VA sees mobile computing as a critical tool for serving veterans and it is kicking off the effort to recompete the contract for the mobile infrastructure currently held by Booz Allen and Terremark.

The Veterans Affairs Department is looking to improve how it serves veterans and one of the primary tools it wants to use is mobile computing.

The VA already has established a mobile infrastructure, which is hosted by Booz Allen Hamilton and Terremark. According to a new sources sought notice, the VA is starting the process of recompeting that contract.

The mobile infrastructure includes an environment for mobile app user demos and agile development. It also has a mobile application environment for web and mobile application development, and a mobile framework for production of web and mobile applications.

In the draft performance work statement, the VA describes the new contract as a three-year pact.

A Booz Allen announcement in 2015 pegs the contract at around $87 million in value. The contract was described as a task order but the primary vehicle it went through was not named. Booz Allen holds a position on VA’s T4NG multiple award contract.

The contractor will perform project management, mobile cloud migration, cloud development, migrate applications, identity and access management, and maintain an Authority-to-Operate across all accounts, enclaves and namespaces.

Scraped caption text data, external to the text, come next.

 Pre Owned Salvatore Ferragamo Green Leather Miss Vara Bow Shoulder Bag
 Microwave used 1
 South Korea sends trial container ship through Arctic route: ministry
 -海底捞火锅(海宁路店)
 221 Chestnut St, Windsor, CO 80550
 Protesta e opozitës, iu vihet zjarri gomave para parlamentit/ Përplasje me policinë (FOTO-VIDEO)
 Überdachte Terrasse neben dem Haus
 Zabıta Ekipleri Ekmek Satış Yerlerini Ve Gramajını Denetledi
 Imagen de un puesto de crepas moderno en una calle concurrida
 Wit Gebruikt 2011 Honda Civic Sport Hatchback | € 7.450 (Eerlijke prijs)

The contractor also is responsible for operations and maintenance, technical support, security and asset management. There also are software licenses to manage.

There also are security requirements to be met as described throughout the RFI.

The VA is particularly interested in whether any service-disabled, veteran-owned businesses are capable of providing these services.

The RFI was released Aug. 8 and comments are due Aug. 15.

Earlier this year, the VA released another RFI for mobile device management. I wrote about that one as well but as far as I can tell nothing has come of it.